Rating System
Rating System
At the coreboot summit in Denver we talked about a rating system for supported boards. The idea is to make it clear which boards are most highly recommended because the vendors cooperate.
To get to such a rating for a particular board, we should establish a list of categories with an associated score. Each fulfilled criteria should be easily verifiable as a yes or no answer. There should be no subjective elements to the rating system - only measurable criteria should be used to avoid bias or favoritism.
Adding up the scores for the major components on a board (cpu, chipsets, mainboard, others?) would give us a rating that results in a number of 'stars'.

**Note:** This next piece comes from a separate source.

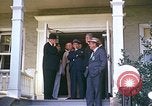 Image of President Eisenhower Newport Rhode Island USA, 1960, second 1 stock footage video 65675028265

Some ideas for those categories:
- availability of documentation (nothing/NDA restricted == 0, NDA but free to publish code == 3, online with click through == 7, public URL == 10)
- There should be multiple categories of documentation (register set, BIOS programming guide, errata, schematics or pinouts (for motherboards)
- vendor participation in the coreboot project
- How to quantify?
- Availability of example and support code
- ACPI tables
- "Hackability"
- LPC header, JTAG header, BIOS socket, etc.
- Should we dock a board because it requires soldering or a difficult process for flashing coreboot?
- ...
As we list boards, we should also make it clear if a board is actually available for purchase. A board might get a high rating, but be unavailable for purchase, in which case it should be carefully marked as such. Board availability will change over a board's lifespan.
Should we provide a separate rating for coreboot support (i.e. the stuff above) and how good our code actually is?